To me, this is a great community (in every sense of the word) comprised of great individuals.  I consider it an honor and a privelege to be part of this place.

Long live ENWorld!


----------



## willpax (Aug 27, 2003)

Darn it! Rel stole my post!

I agree with Rel on every single point. This site has become the community I am most fond of on the net. 

I would also add that, for me, this is a place to get a small D&D fix in a life that currently doesn't have much room for it. I get to play very infrequently, so these boards let me keep my mind in it, so to speak.


----------



## barsoomcore (Aug 27, 2003)

Lotsa smart folks to help out us less clever clogs, lotsa funny folks to keep us laughing, lotsa thoughtful folks to keep us all civilized.

Lotsa good people.

And I know I'm a better DM because of it.


----------



## shouit (Aug 27, 2003)

A place to hear what others have to say.  And to make fun of Hal..


----------



## Magic Slim (Aug 27, 2003)

ENWorld's a great place to spend time. What's so great about it is that not all time spent here is time lost.

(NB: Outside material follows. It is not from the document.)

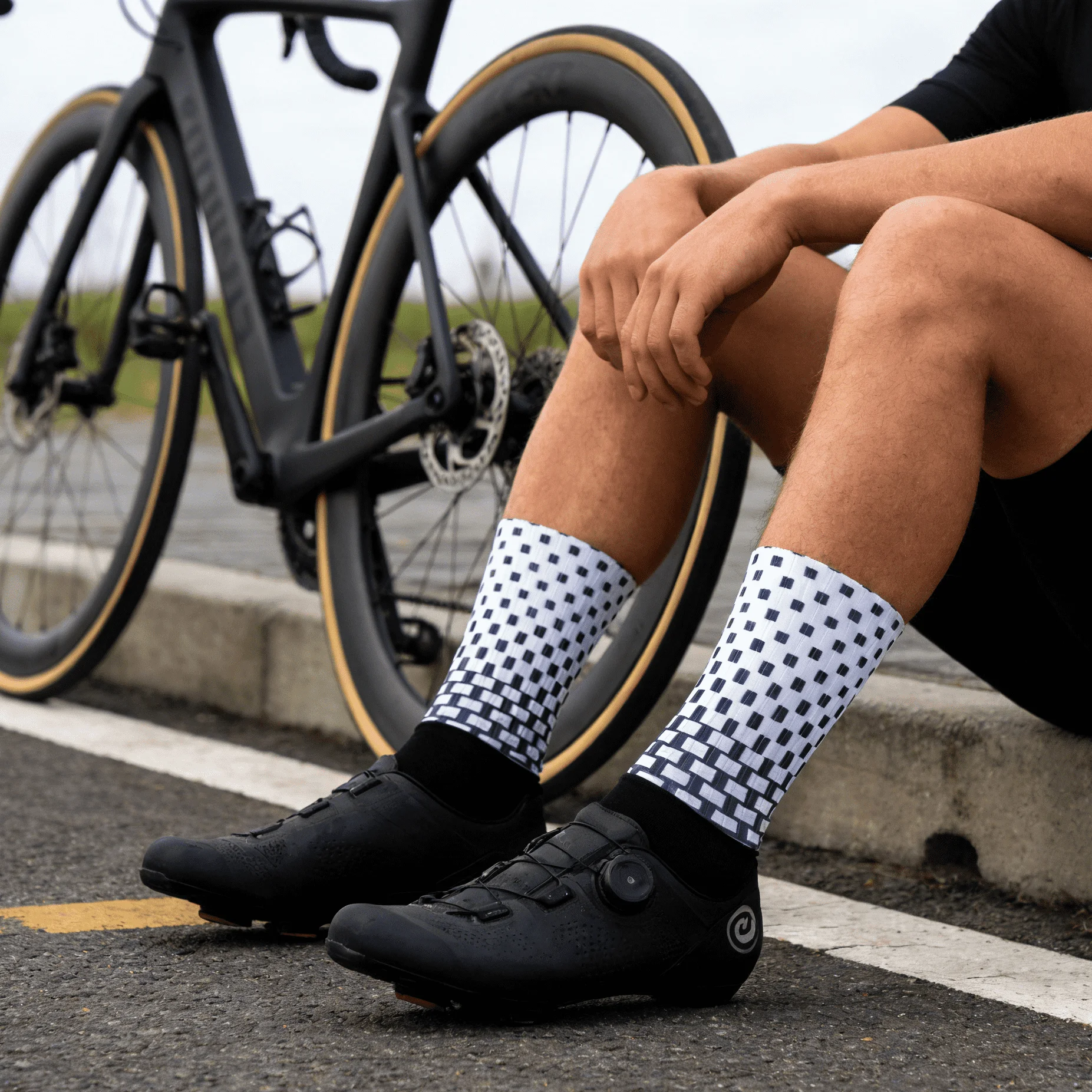 

Professional Quality Sport Compression pro Cycling Socks Comfortable Road & Mountain Bike Racing Socks for Sports Performance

The people are great, the opinions are varied and interesting, the sig's are funny... What could one want more?

Slim


----------



## Estlor (Aug 27, 2003)

Maybe it's just because I don't have as much time to spend on the messageboards, and maybe it's because I don't really "know" anybody on here, but I don't have the warm, fuzzy FAMILY feeling about ENWorld.

To me, ENWorld is a great place to go to keep abreast of what's going on with WotC and all the independent d20 companies in general.  Without ENWorld I'd never have been able to keep up with who was releasing what thus far.  ENWorld is also a great place to get opinions and information on things just out or almost out.  Sometimes it exposes me to things I might not otherwise have thought about, like why so and so in 3.5 should or shouldn't have been changed.

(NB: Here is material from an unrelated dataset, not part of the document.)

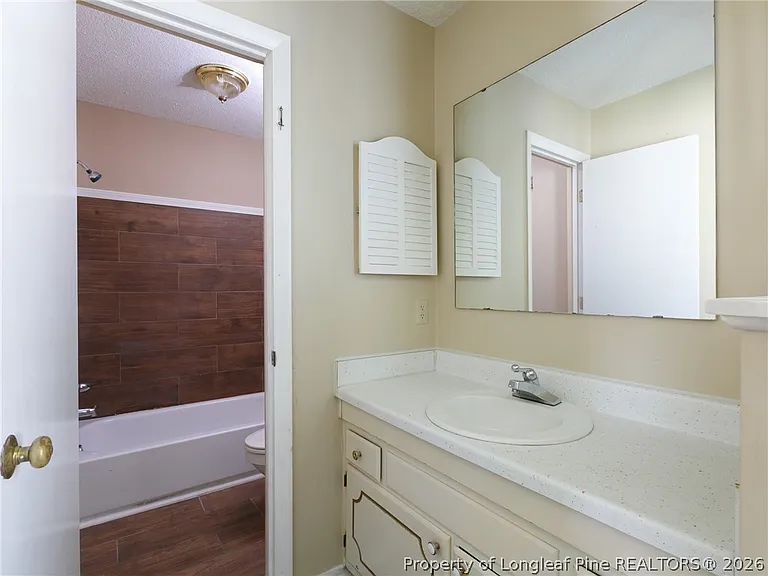 3249 Glenmore Dr — Photo 11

It serves a functional purpose.  It's the best site out there for one of my hobbies, and it kills a lot of time at work.


----------



## Sage (Aug 27, 2003)

Wow, you guys (or girls) are really sentimental.

I found enworld a few months ago and have "stepped by" every day since, but thet was only for the news and review site. 

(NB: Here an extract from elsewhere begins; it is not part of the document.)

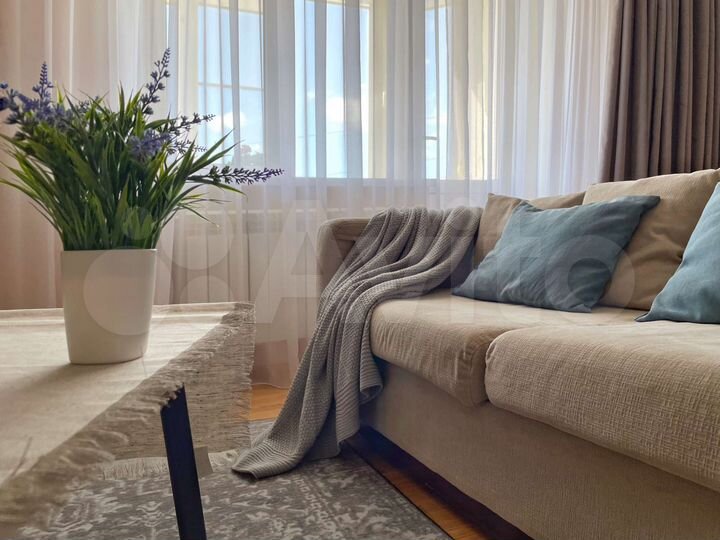 2-к. квартира, 80 м², 5/5 эт.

I really only got introduced to the boards with the SRD competition, but that wasn't very encouraging since not everyone was as nice as they could have been  

But sinse then other threads, this among them, have made me stop considering subtituting the boards for the DND-L, I'm definetely going to do it  

I hope I become as attached as you seem to be.

Sage


----------



## BSF (Aug 27, 2003)

Right there with you Djeta!    
(One of the first things I noticed about you is your sig.  Weird Al is great!)

Where else can I find people with similar interests?  EN World is a place to "hang out".  I even decided to come out of lurker mode in July and start posting!  I'm still trying to get to know everyone and I am hoping that I am not looking like too much of a dolt.  EN World is about gaming, but it is about a whole lot more.


----------



## francisca (Aug 27, 2003)

MMMMM.  Well first off, it's been a good place to glean a better understanding of 3E.   That still is it's primary purpose.  I'm still a pretty average DM, but I'm way better than I would be without this place.

As far as community: In general, I do not have much interest in online communities.  I have plenty of friends and family in the real world to invest my emotions in. However, this place is the exception.  

While I don't get too emotional about good and bad news people share on this board, I do feel a twinge of emotion when someone posts extreme good news (like babies) or extreme bad news (death or terminal illness).  It is nice to see people respond to such news in the way they do around here: by putting what is important in life in perspective.  

I guess I feel more of a sense of comaraderie than community.  Kinda like the difference between a group hug and high five with everyone around you.  To me, this is a high-five kinda place.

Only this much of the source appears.